The silence that followed our passage through the blood-soaked threshold was not the quiet of peace—it was the sharp, expectant stillness of tension coiled and waiting. I could feel it in the way Elairen's hand subtly tensed around her blade, in the precise way her body shifted ever so slightly to my side, her posture low, her weight distributed for sudden motion. Before us stood nine individuals—three separate groups, each comprising two men and one woman, arranged in a loose semi-circle formation that made it clear: they weren't friends, not yet enemies, but they saw us as something… different.
They studied us, not with curiosity but with veiled caution, as though trying to make sense of the crimson stains drying on our skin and the calmness in our eyes. They had not expected to find only two survivors here—two predators instead of three competitors. I, in turn, studied them with the cold, analytical distance of someone who had long since stopped seeing people as merely people, and instead as pieces—tools, threats, opportunities.
Elairen's fingers twitched subtly. I felt it without needing to look.
They moved gradually, subtly encircling us, forming a rough triangle. From their whispered exchanges, I caught fragments of doubt and disbelief.
"Only two? But the third chamber was supposed to be group combat..."
The voice came from a thin young man wearing cracked spectacles, his tone marked not by arrogance but by confusion. He had an air of innocence that didn't fit the room—clean, slightly hunched posture, soft-spoken, unsure of his footing. He hadn't killed. Or if he had, it had cost him dearly.
Without hesitation, I lunged forward before the rest could react.
The boy's group was closest. My first movement wasn't toward him—but toward the two figures beside him. With precise strikes, I pressed hard into the primary acupressure nodes just behind their ears and at the base of their necks—immobilizing them instantly. Their limbs stiffened, bodies twitching as if frozen mid-breath.
I stood before the boy, eyes narrowed.
"What is your name?"
He swallowed hard, panic flickering behind his lenses. "A-Aedric…"
"This place," I continued coldly, "do you understand what it is?"
He nodded hesitantly, voice trembling. "It's… it's like a path. Between places. Every door… it leads deeper. Like rooms in a dream. A layered test."
Interesting. He knew something—more than the others did, perhaps. I tilted my head slightly, weighing my next words.
"Do you want to live?"
It wasn't kindness in my voice. It was calculation.
He nodded again, more desperately this time. "Yes… yes, I do."
Behind us, one of the other groups grew agitated. A tall man with a scarred cheek stepped forward, shouting with a mixture of bravado and fear.
"Hey! You think you can just ignore us?!"
I turned slowly, met Elairen's gaze, and glanced at her blade. She understood.
With practiced ease, she tossed the weapon to me in a flat, spinning arc. I caught it mid-turn and twisted my body into a smooth rotational kick—a precise, sweeping strike that launched the blade across the room. It embedded itself cleanly into the speaker's skull, cutting off his rant mid-sentence.

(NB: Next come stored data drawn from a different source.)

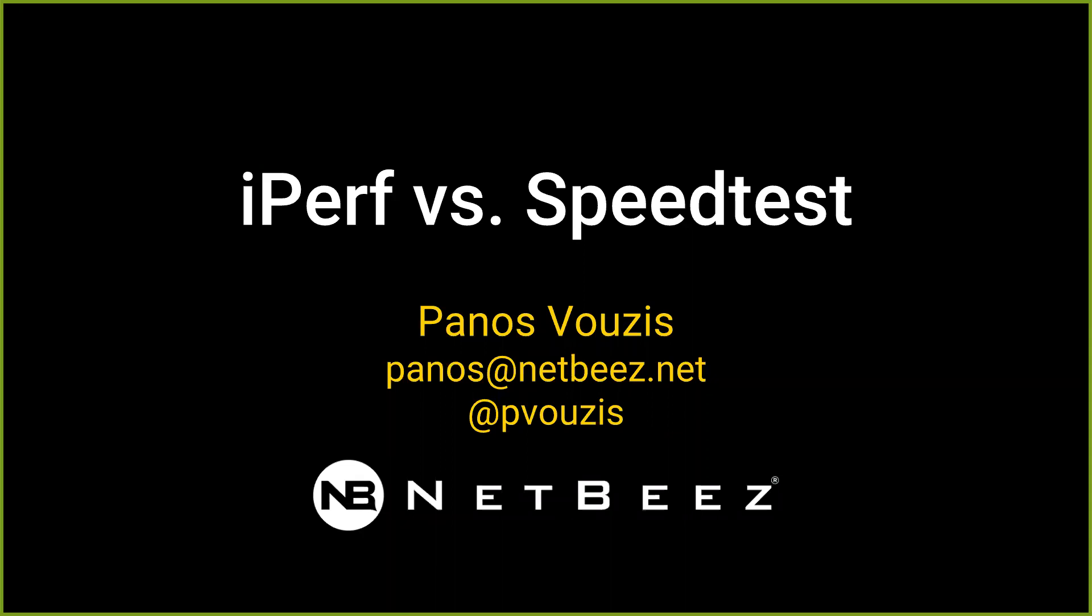Hi everyone. This is Panos and Happy Friday. This is one of our live webinars here.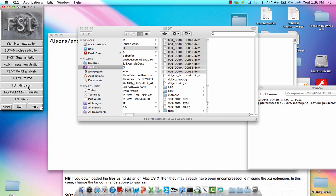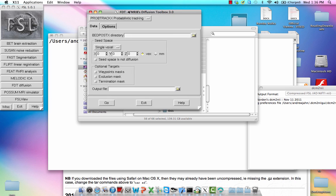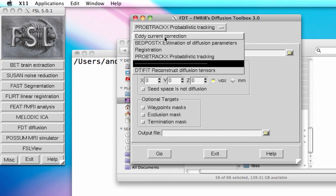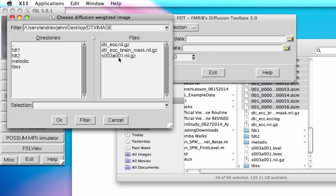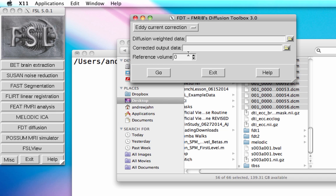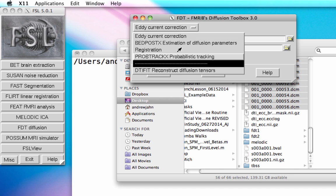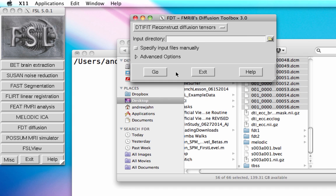This is just a very brief overview to get your feet wet with DTI data. The first thing you would do is something very similar to motion correction, called eddy current correction — you just upload your diffusion weighted data, give it an output and a reference volume, and hit go. It takes a long time. After that, the next step is DTI fit, which reconstructs the diffusion tensors, giving us a sense of where the predominant direction of diffusion is going along these different fibers.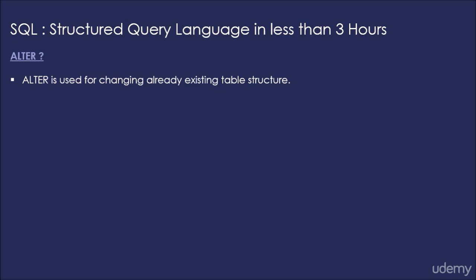Here we will see how we can change the structure of table employees and solve the id problem which the table employee has. Now what is the id problem?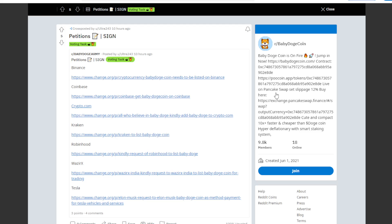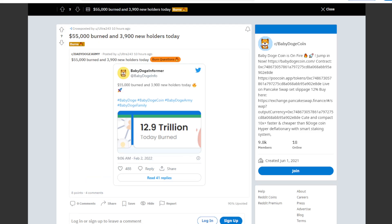So with that said, tell us what you think down below in the comment section and make sure to also tell us what you think about today's news. As you can see here also, 12.9 trillion has been totally burned for the cryptocurrency.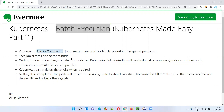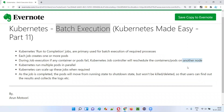Kubernetes run-to-completion jobs are primarily used for batch execution of required processes. Each and every job of Kubernetes will create one or more pods. During job execution, if any container or pod fails, the Kubernetes job controller will reschedule that container or pod onto another node. Kubernetes can also run multiple pods in parallel.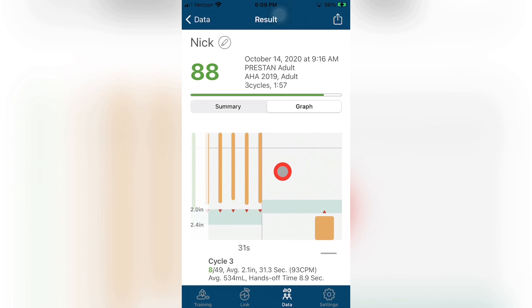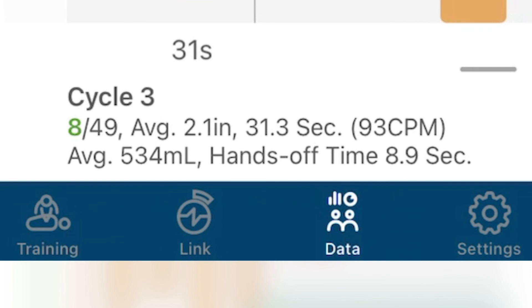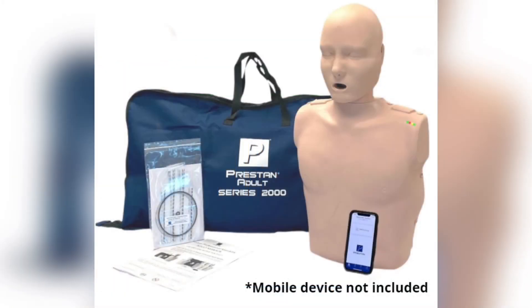At the bottom of the screen is the synopsis of the data collected for the specific cycle that is being shown in the visible window of the graph. This data includes current cycle number, ratio of good compressions over the number of total compressions in the cycle, duration of the cycle, average rate of compressions, average volume of ventilations, and the hands-off time of the cycle. For more information on the Preston Professional Adult Series 2000 Mannequin, please reference the instruction sheet, troubleshooting guide, and frequently asked questions, available on the Preston website at PrestonProducts.com.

The moment froze. Then chaos followed.
I didn't give them time to regroup.
I lunged into the second group, targeting their largest member first. With both hands, I grabbed his throat and drove my thumbs inward—crushing his trachea and pulling his neck backward until I felt the spine snap beneath my fingers. The second man barely had time to raise his weapon before I delivered a rising knee into his solar plexus, followed by a sharp elbow to his jaw that sent his skull cracking against the wall. Blood and bone painted the stone behind him.
The woman tried to scream—Elairen silenced her with a swift, surgical strike that broke her neck in one clean twist.
Five corpses. The air reeked of iron.
I knelt, hands on the fresh bodies, and began drawing in the residual life energy still lingering within. Warmth. Power. The soft, ephemeral current of stolen vitality.
Aedric watched in silent horror. He trembled, knees nearly buckling. Elairen, ever observant, circled behind the two I had paralyzed earlier—ready to finish the job.
"No—wait!" Aedric shouted. "Don't! They're not random! They're with me. My guards. Please, don't hurt them!"
I stood, slowly approaching him, studying the lines of fear and desperation carved into his expression. There was something about him. The knowledge, the composure despite the fear—it didn't fit the profile of a civilian. Perhaps he belonged to a family, a sect, a hidden organization. A scholar? Or something rarer?
I stepped close, towering over him.
"You're useful," I said flatly. "So for now, they live."
Aedric nodded shakily, exhaling in relief, then promptly sat on the cold floor, trying—and failing—to steady his breath. His arms wrapped around his knees, like a child attempting to make himself smaller.
Elairen said nothing, but she kept one eye on the immobilized pair.
Minutes passed. The blood cooled. But I could feel it—something was watching us.
Not from the door. Not from the others.
From the walls themselves.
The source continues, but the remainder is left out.